*** Input data
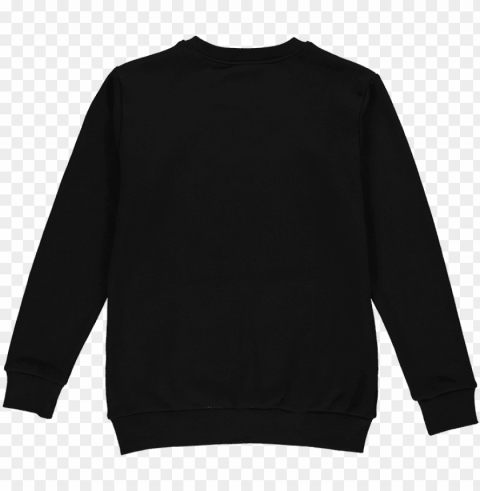 black sweater png - black crewneck sweatshirt Transparent image
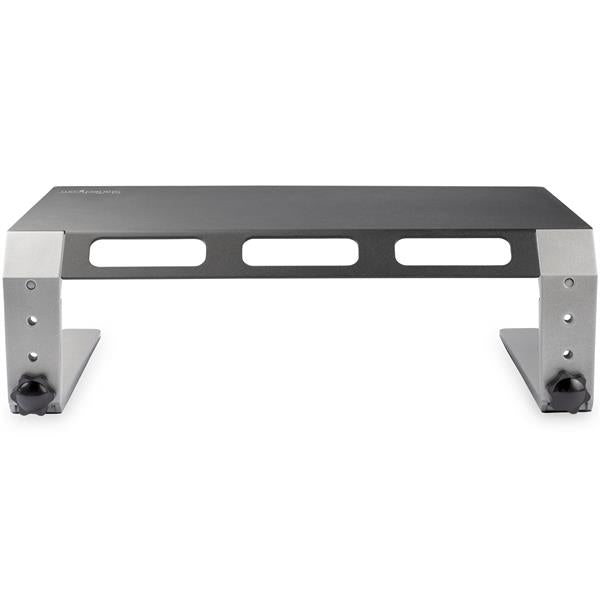 StarTech.com Base para Monitor - Riser de Acero y Aluminio - Soporte de Altura Ajustable estaciones de trabajo sentado o de pie Negro, Plata 1 81,3 cm (32") 10 kg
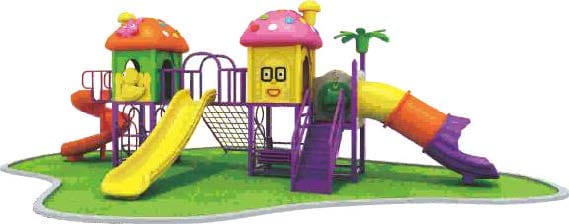 Premium Outdoor Kids Playset with 3 Exciting Slides & Climbing Frame – No Swings, Durable & Safe – Size 750x380x260 cm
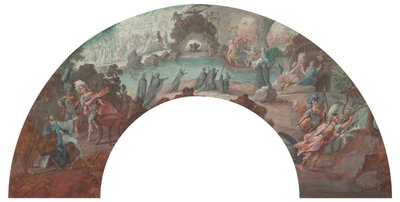 Aeneas in the Underworld, Design for a Fan by François Boucher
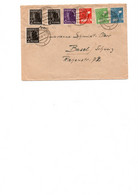 ALLEMAGNE - LETTRE OCCUPATION INTERALLIEE AFFRANCHIE N° 32 X3 + N° 33-34 -35-ET 39 -ANNEE 1948 - Other & Unclassified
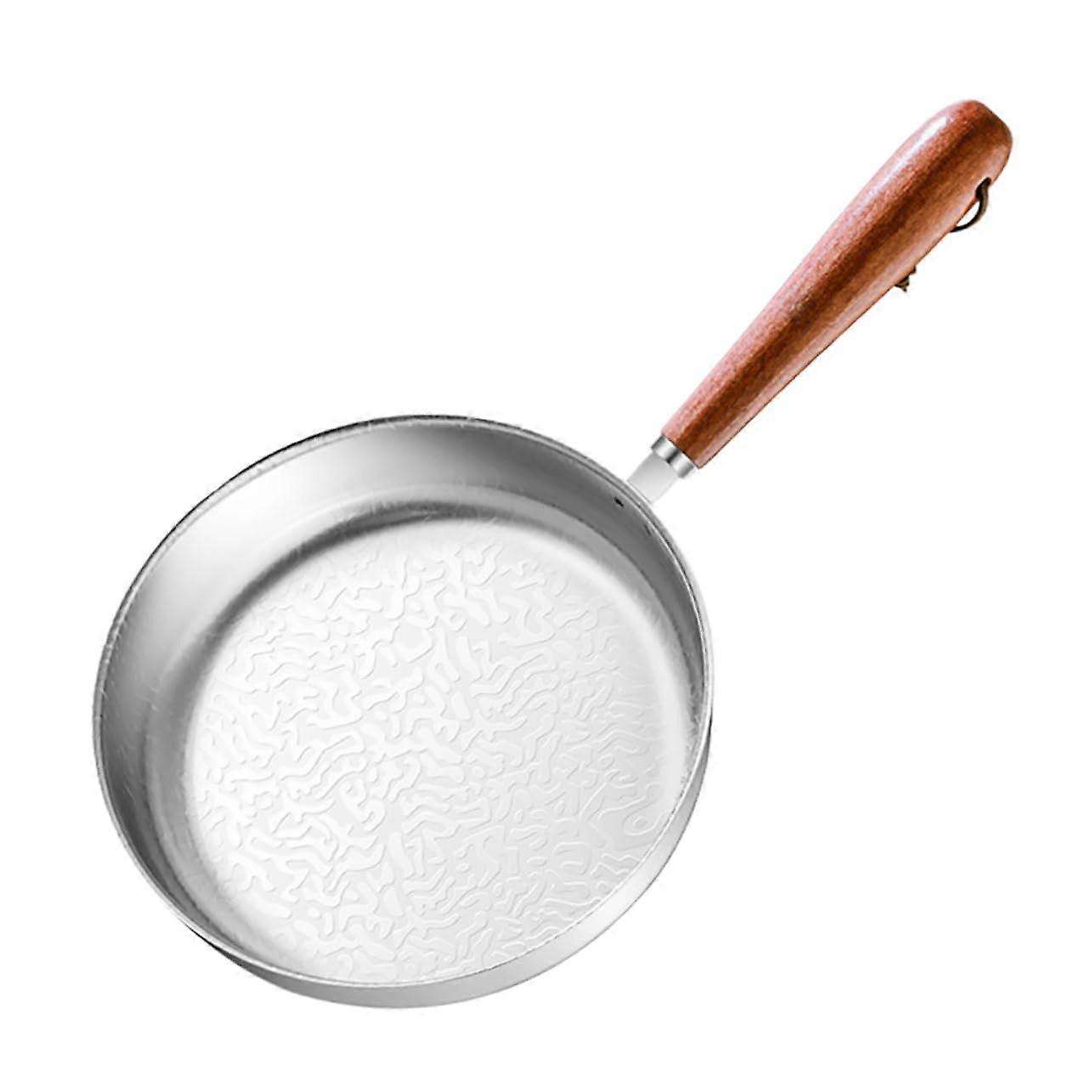 Mini Stainless Steel Egg Frying Pan Nonstick Portable Frying Pan for Eggs Rapid Heat Oil Feature for Even Cooking for Breakfast and More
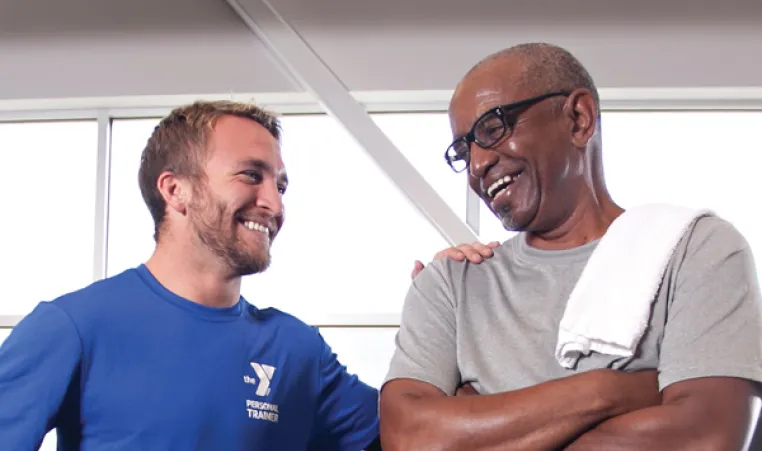 YMCA Staff and Member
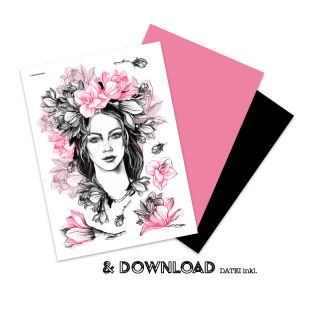 Set Bügelbilder Magnolia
******
About this exercise
The entries above, every one of them, should be retyped exactly, with no pictures carried over.

Solution below
 black sweater png - black crewneck sweatshirt Transparent image
 StarTech.com Base para Monitor - Riser de Acero y Aluminio - Soporte de Altura Ajustable estaciones de trabajo sentado o de pie Negro, Plata 1 81,3 cm (32") 10 kg
 Premium Outdoor Kids Playset with 3 Exciting Slides & Climbing Frame – No Swings, Durable & Safe – Size 750x380x260 cm
 Aeneas in the Underworld, Design for a Fan by François Boucher
 ALLEMAGNE - LETTRE OCCUPATION INTERALLIEE AFFRANCHIE N° 32 X3 + N° 33-34 -35-ET 39 -ANNEE 1948 - Other & Unclassified
 Mini Stainless Steel Egg Frying Pan Nonstick Portable Frying Pan for Eggs Rapid Heat Oil Feature for Even Cooking for Breakfast and More
 YMCA Staff and Member
 Set Bügelbilder Magnolia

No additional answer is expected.